NC House Republicans rolled out their long-awaited photo ID bill today, complete with a press conference and an initial round of responses from ID opponents. At its core, H-589 follows the model of the Republican bill (H-351) that Democratic Gov. Bev Perdue vetoed in 2011; it says all voters who go to the polls must show a government-issued photo ID before their ballot will count. An ID from a private college is not acceptable. If you show up without the right photo ID, you can fill out a provisional ballot but it won’t count unless you travel to the local board of elections in the next several days and show the right photo ID. Same runaround as in H-351. This new bill includes a number of bells and whistles that will help reduce the number of voters without the right ID; for example, it exempts people with a federally defined disability and accepts a photo document that “reasonably resembles” you, even if it’s from an out-of-state government agency and expired up to 10 years ago, longer for voters who are age 70 and older.

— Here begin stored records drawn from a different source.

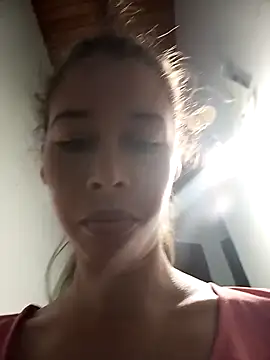 Sexi girl29 online show from 19, 2, 2026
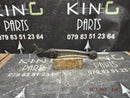 BMW X6 E71 08-13 FRONT AXLE LEFT BOTTOM WISHBONE CONTROL ARM 31122413485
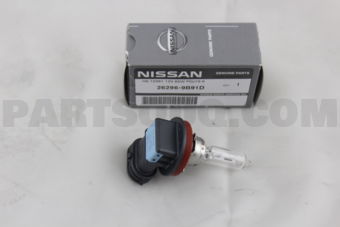 262969B91D BULB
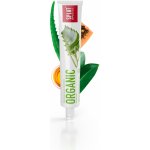 Splat Organic pro citlivé zuby 75 ml – Hledejceny.cz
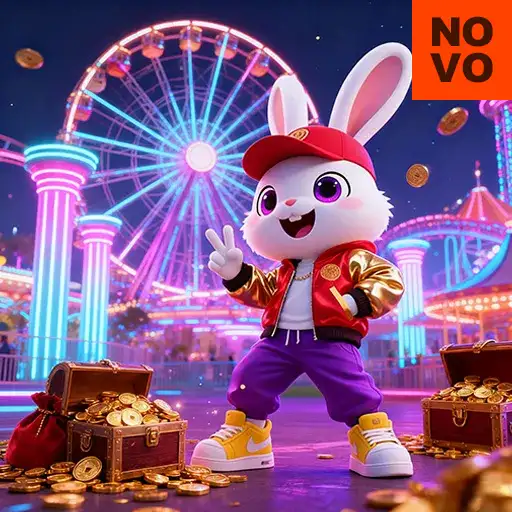 337bet jogos jogos emocionantes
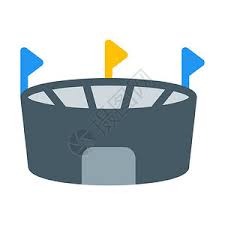 神剧本！大迫勇也补时破门体毛越位被吹，随后第100分钟助攻佐佐木大树完成绝平雷速体育2月26日讯 日职联第3轮，卫冕冠军神户胜利船主场迎战京都不死鸟。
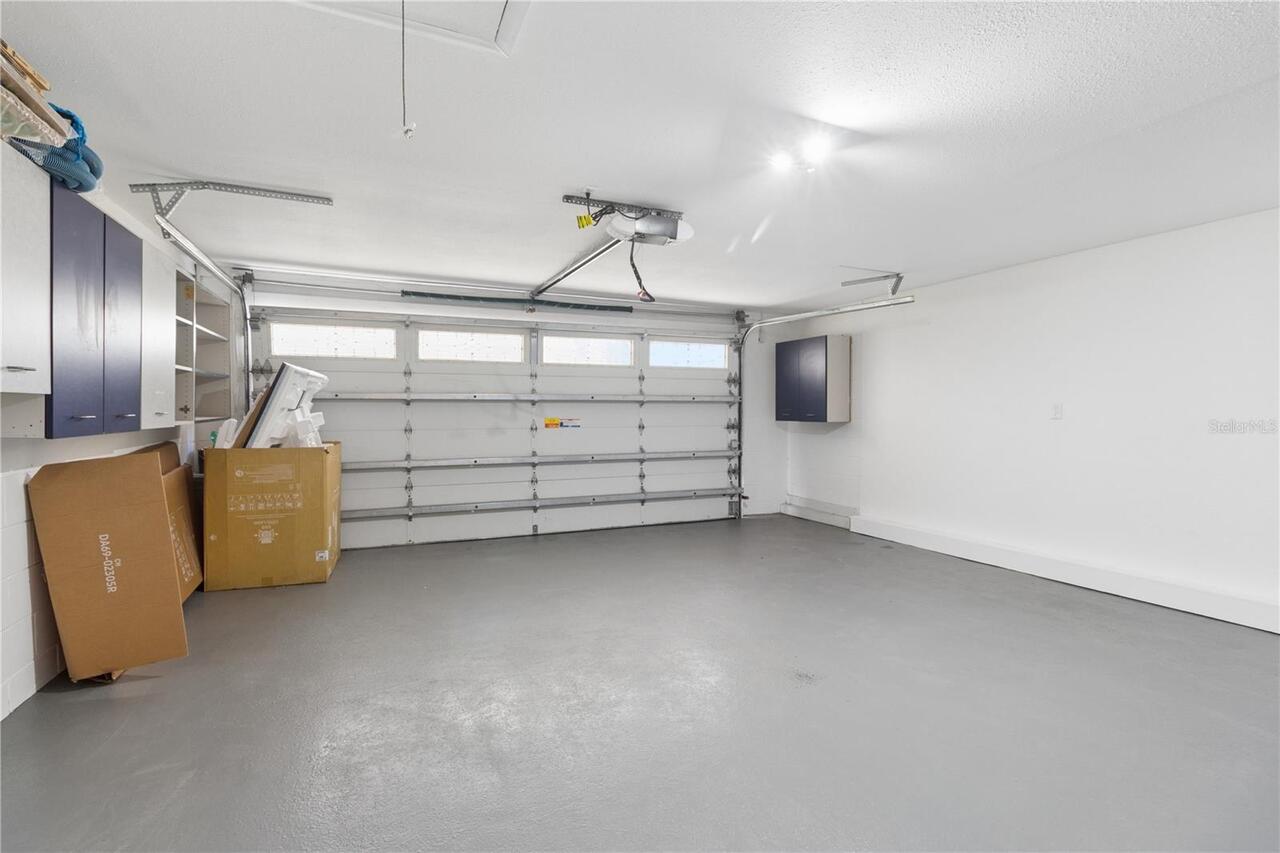 Listing Photo 22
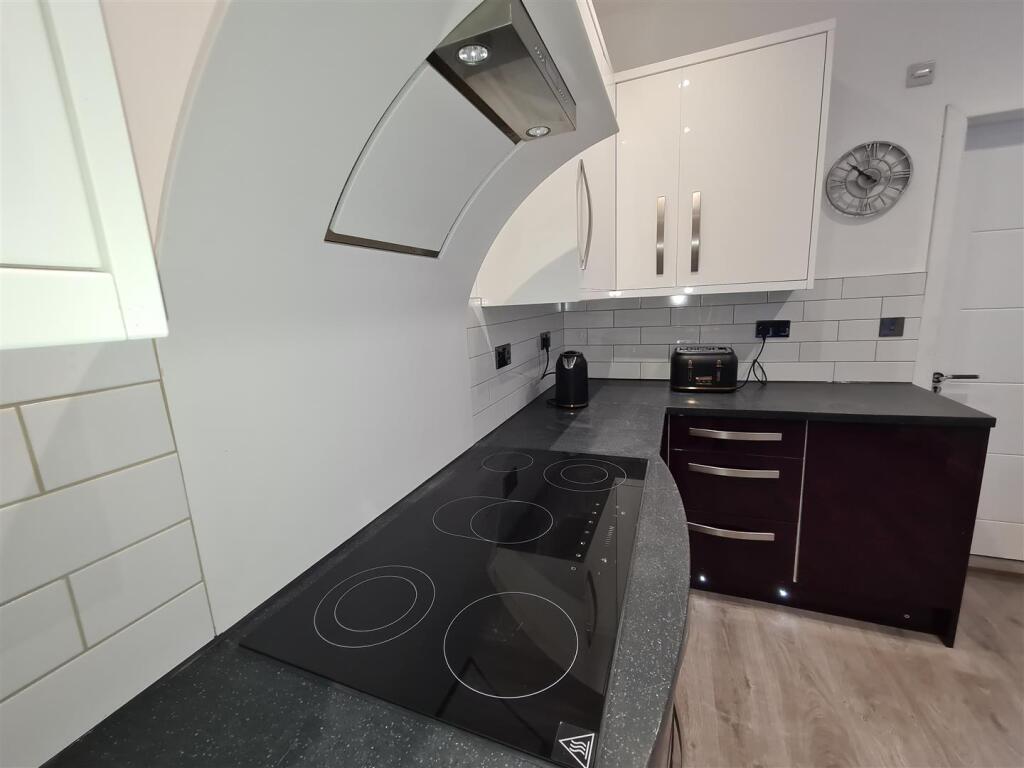 Additional image 11 of Claremont Road, Smethwick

Importantly, the photo requirement doesn’t take effect until the elections in 2016 – that’s a positive – and there’s lots of useful language about outreach to help people get IDs. In fact, the bill creates a new agency within the State Board of Elections with a staff of up to 14 people to conduct education and outreach programs! Hmmm. Aren’t these the same Republicans who say government is too big? Another contradiction: A voter can get a free ID and the qualifying documents for the ID if they are willing to swear under penalty of a felony that “paying the fee would present a financial hardship.” Who would risk making that kind of assertion if they also ate lunch that day? Finally, the bill includes new rules for voting through the mail. Voters must use a form created by the Board of Elections to apply for an absentee ballot and must return the application with an identifying number (social security or driver’s license) or copy of a HAVA document (utility bill, bank statement, payroll check, or a government document with current address and name).
Despite some charming sounds from the bells and whistles, the photo ID legislation is still a giant waste of money and creates more problems than it solves. (In fact, there’s still no effort to document the problem it’s supposed to solve.) Having the hammer not drop until 2016 is helpful, but the treatment of voters who show up at the polls without the necessary document is harsh and unacceptable. Why can’t they be treated the same as the person who votes through the mail? Don’t make a registered voter come back a second time after standing in line for 45 minutes. Let them provide their birth date, last four digits of their social security number, sign an attestation under penalty of a felony, and cast a ballot. That’s the new requirement for a voter who votes through the mail, a person who election officials don’t even see; why shouldn’t it be an option for the voter standing there, ready to swear and produce identifying numbers that can be verified?